Movie Recommending System using Spark
A web platform for recommending movies to users that log in with their Facebook account. They rate movies and receive recommendations based on their activity. They also receive a predicted rating for particular movies.
Technologies used:
- Apache Spark
- Flask - Python based web framework
- PostgreSQL
- React
- jQuery, Ajax
- Bootstrap
Requirements and installation
It is highly recommended to use virtualenv.
Please see requirements.txt. To install these packages, use the following command in a virtualenv.
$ pip install -r requirements.txt
Download Spark v1.6.1 from here.
$ tar -xf <name_of_spark_archive>.tar
Follow instructions from spark-1.6.1/README.md to build and install.
Environment variables in your ~/.bash_profile for OS X or ~/.bashrc for Linux.
export SPARK_HOME=~/path/to/spark-1.6.1
export PYTHONPATH=$SPARK_HOME/python/:$PYTHONPATH
export PYTHONPATH=$SPARK_HOME/python:$SPARK_HOME/pyhon/lib/py4j-0.9-src.zip:$PYTHONPATH
Verify it was successfully installed by running
$ ./bin/pyspark
from spark-1.6.1/
Copy spark-env.sh, spark-defaults.conf and slaves files from spark_utils/ to path/to/spark/conf/.
-
spark-env.sh
- settings regarding the master node, like number of workers if manages, etc. Note: Edit the SCALA_HOME, SPARK_WORKER_DIR environment variables to your local needs.
-
spark-defaults.conf
- settings regarding the workers. Any values specified as flags or in the properties file will be passed on to the application and merged with those specified through SparkConf invocation in the code. Properties set directly on the SparkConf creation, in code, take highest precedence, then flags passed to spark-submit or spark-shell, then options in the spark-defaults.conf file.
-
slaves
- addresses of the workers.
For database we use PostgreSQL. Download and install it from here.
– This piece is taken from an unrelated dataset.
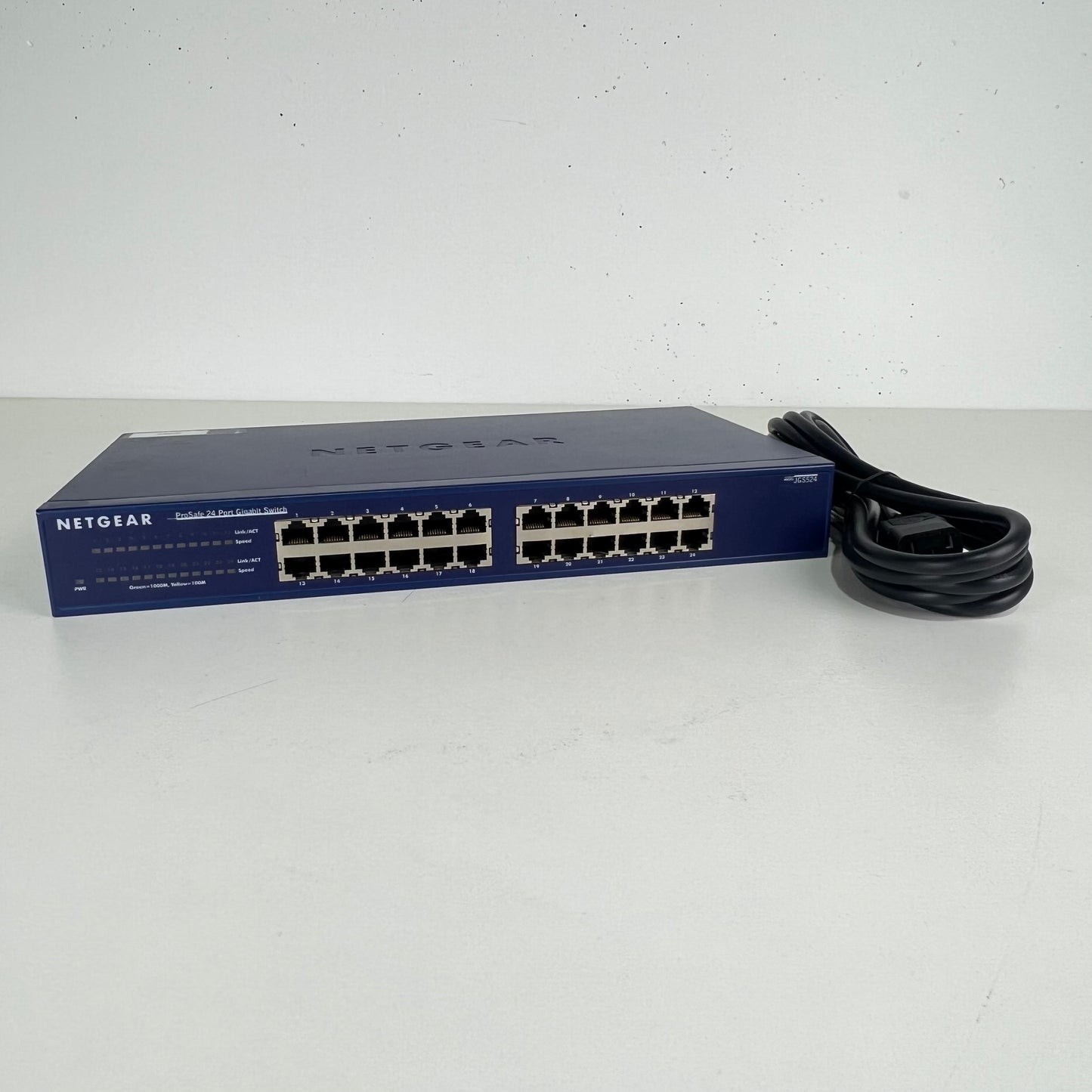 Netgear Prosafe 24 port Gigabit Switch JGS524 v2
Add the following to ~/.bash_profile
export PATH=$PATH:/Applications/Postgres.app/Contents/Versions/latest/bin
to ~/.bash_profile.
$ which psql
should output like this
/Applications/Postgres.app/Contents/Versions/latest/bin/psql
Create a PostgreSQL database
$ createdb rs
To see the created database, got to Terminal and type "psql", then in the postgres console type "\l", which will list all the databases available, "\connect rs;" to connect to the newly created rs database created above, and "\d" will show the available tables from the connected database.
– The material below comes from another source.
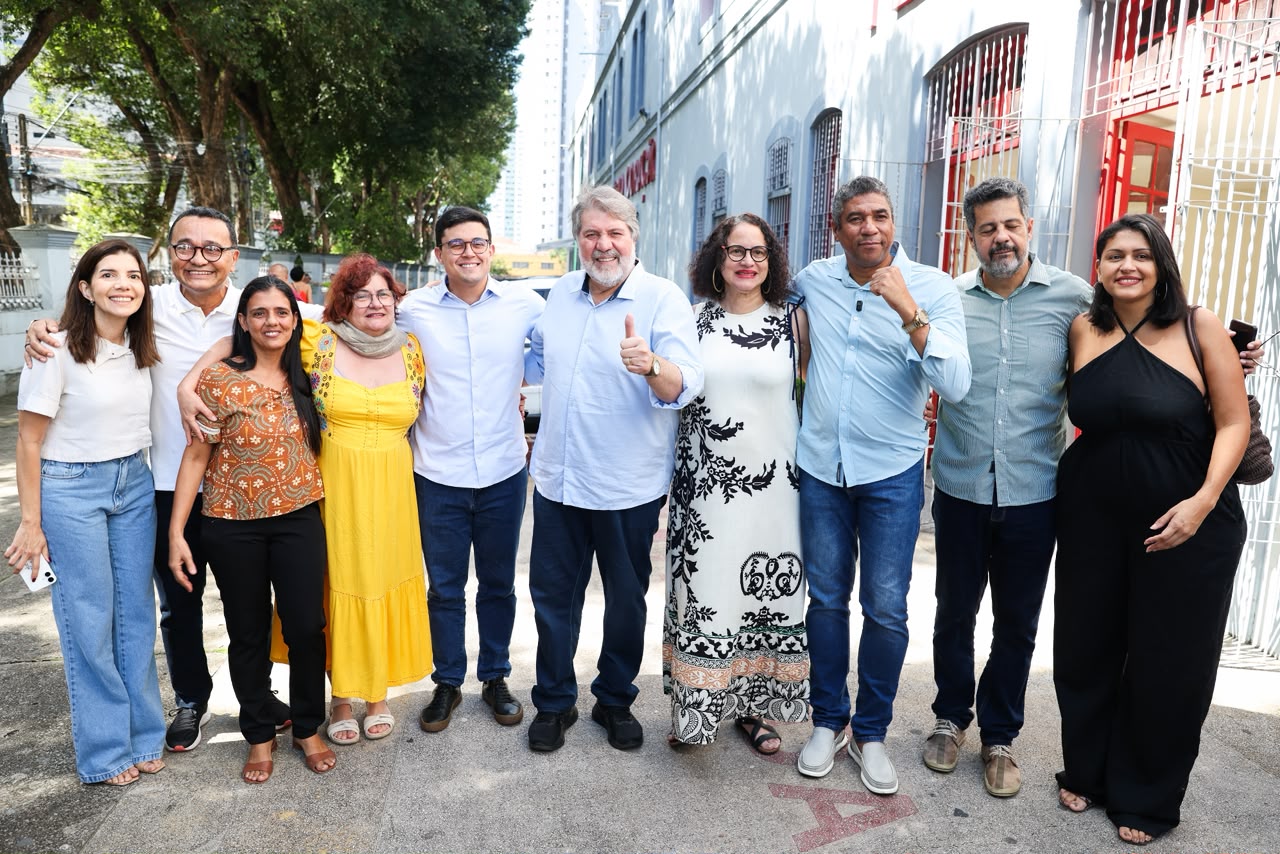 Prefeitura do Recife equipara o piso salarial de auxiliares e técnicos de enfermagem, beneficiando 685 servidores com reajuste de cerca de 40%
Note: When droping table from psql console, also drop the sequence mentioned in the models, otherwise the autoincrementing id will not be reseted, as it should be.
DROP TABLE "Users"; DROP SEQUENCE seq_user_id;
DROP TABLE "Movies"; DROP SEQUENCE seq_movie_id;
Install npm packages needed for React
$ npm install
Any changes on the React components from app/templates/client/components/ or app/templates/client/index.js file should be followed by the build command.
Build bundle.js from all the npm packages, scripts with behavior defined in package.json,
$ npm run-script build
or to build bundle.js and run the webpack server
$ npm run-script run
To download the dataset that will be used, run the following script
$ python download_dataset.py
Usage
- [ ] Write full instructions and an example.
Activate the created virtualenv directory.
source name_of_virtualenv_directory/bin/activate
1. Starting the Spark Master and Workers.
From path/to/spark type
$ sbin/start-master.sh
$ sbin/start-slaves.sh
or
$ sbin/start-all.sh
Similar, to stop the Master and Workers.
$ sbin/stop-master.sh
$ sbin/stop-slaves.sh
or
$ sbin/stop-all.sh
See Spark stats via UI at
2. Sending the Python sources to Spark and run them
Run from project directory, the following
$ sh path/to/spark/bin/spark-submit \
--master spark://<server_name/server_ip>:7077 \
--num-executors 2 \
--total-executor-cores 2 \
--executor-memory 2g \
server.py [options] > stdout 2> stderr
where server_name is yosemite/ubuntu/localhost if it's running locally.
Options, all optional, include:
--dataset <name>
Specify a dataset, e.g. "ml-latest" or "ml-latest-small".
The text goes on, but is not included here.